I often look to surfing for inspiration to understand what people get out of the things that they do. Surfing is really rather popular, has a strongly defined culture all of it's own and seems to consume those that indulge in it. Why? If I could understand why then perhaps I could understand my own obsession to only think of swordplay day and night.
Surfing is always described in terms of the surfing. Heroically riding the biggest wave one dares, facing possible death or maiming to gain the exhiliration of beating the odds with only one's board and one's skill. Surfing is always described with reference to the surfing. A romantic ideal carefully edited to include only that moment of freedom.

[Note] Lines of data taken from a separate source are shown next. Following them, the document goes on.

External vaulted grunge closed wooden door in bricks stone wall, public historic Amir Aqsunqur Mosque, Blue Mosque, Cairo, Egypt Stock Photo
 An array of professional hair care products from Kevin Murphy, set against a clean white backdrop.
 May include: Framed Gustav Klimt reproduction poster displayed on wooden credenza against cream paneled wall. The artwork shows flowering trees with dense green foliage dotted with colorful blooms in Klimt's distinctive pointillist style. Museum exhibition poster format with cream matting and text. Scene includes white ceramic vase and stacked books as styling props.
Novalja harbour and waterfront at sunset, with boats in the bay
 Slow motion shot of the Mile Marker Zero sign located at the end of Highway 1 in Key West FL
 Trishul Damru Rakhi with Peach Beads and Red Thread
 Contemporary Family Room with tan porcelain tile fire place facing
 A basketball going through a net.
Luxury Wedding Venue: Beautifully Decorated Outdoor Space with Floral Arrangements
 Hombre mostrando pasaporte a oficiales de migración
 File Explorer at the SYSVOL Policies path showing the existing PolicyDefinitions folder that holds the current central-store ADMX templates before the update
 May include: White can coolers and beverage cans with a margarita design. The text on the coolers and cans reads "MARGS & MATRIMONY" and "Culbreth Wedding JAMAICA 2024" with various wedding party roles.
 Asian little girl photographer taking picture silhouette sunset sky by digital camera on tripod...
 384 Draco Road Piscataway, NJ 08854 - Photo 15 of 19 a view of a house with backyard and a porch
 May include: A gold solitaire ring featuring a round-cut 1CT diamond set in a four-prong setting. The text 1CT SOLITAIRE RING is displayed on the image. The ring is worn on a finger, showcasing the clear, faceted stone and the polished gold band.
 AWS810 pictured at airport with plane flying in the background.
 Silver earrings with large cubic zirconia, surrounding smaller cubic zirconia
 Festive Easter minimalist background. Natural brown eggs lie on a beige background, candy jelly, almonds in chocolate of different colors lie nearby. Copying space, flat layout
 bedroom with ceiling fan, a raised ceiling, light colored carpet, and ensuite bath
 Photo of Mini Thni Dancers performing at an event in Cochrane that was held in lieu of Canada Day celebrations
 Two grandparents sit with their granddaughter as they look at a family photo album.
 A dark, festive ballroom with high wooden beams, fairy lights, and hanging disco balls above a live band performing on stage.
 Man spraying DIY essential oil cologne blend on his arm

But what about the waiting? The not
surfing? If I understand surfing correctly the majority of the time is spent waiting for that wave. Of course, you and I don't actually see
the waiting. This would make for a rather boring spectacle. But it's there and it must be as fulfulling as the surfing to attact those that indulge. Or perhaps at least, all the waiting must make that moment of surfing all the more vivid.
So, what are they doing during all this waiting? A surfer
once said he loved to surf off the coast of his home town because from far out to sea he could see where his life took place in one grand eyefull. It seems that from such a distance he could gain some perspective, like an astronaut in orbit he could grasp his whole world between finger and thumb. And a thought occured whilst I listened. Whilst out there on the sea when do such thoughts come to a surfer - where they are crashing towards home on the crest of a wave, or do they come slowly, in the waiting? I suspect the latter.
Where am I going with all this? Well, what about the not
swordfighting? What is swordplay all about between those few moments when one indulges in the pleasure of a real live opponent. It occured to me that my swordplay was also all waiting. Waiting for the next bout. Waiting for the next opponent. Waiting for the next victim. And while waiting, training. Is there anything in my training, my
waiting, that holds for me some of the pleasures of the fight? Is there anything in the solitude of driling that I find in the solitude of the fight inside my fencing mask?
I suppose it depends. It depends upon the drill. For most of my solo training is drilling, drilling drilling formal repertoire. Constraining one's movements to those that I am worst at, to those that I must improve. To confine oneself to the straightjacket of technique until one gets it right. This does not feel like bouting. For in bouting any premeditation is made on the spur of the moment. Forward planning is spontenous. If you've trained well it's your body that makes all the decisions whilst you are only along for the ride. Formal drilling feels nothing like this to me.
So I changed the drill. I assaulted a tree. At nice steady pace, but allowing my body to choose the repertoire, allowing the momentum of the weapon to lead me into the next posta and on into the next assault. An unpressured flow not through all the repertoire I know, but through all the repertoire I favour. You drive
cattle whilst you ride
a horse. This was not fighting, but to my surprise part of this felt like fighting, and it felt good.
Something to do for its own sake inbetween waves.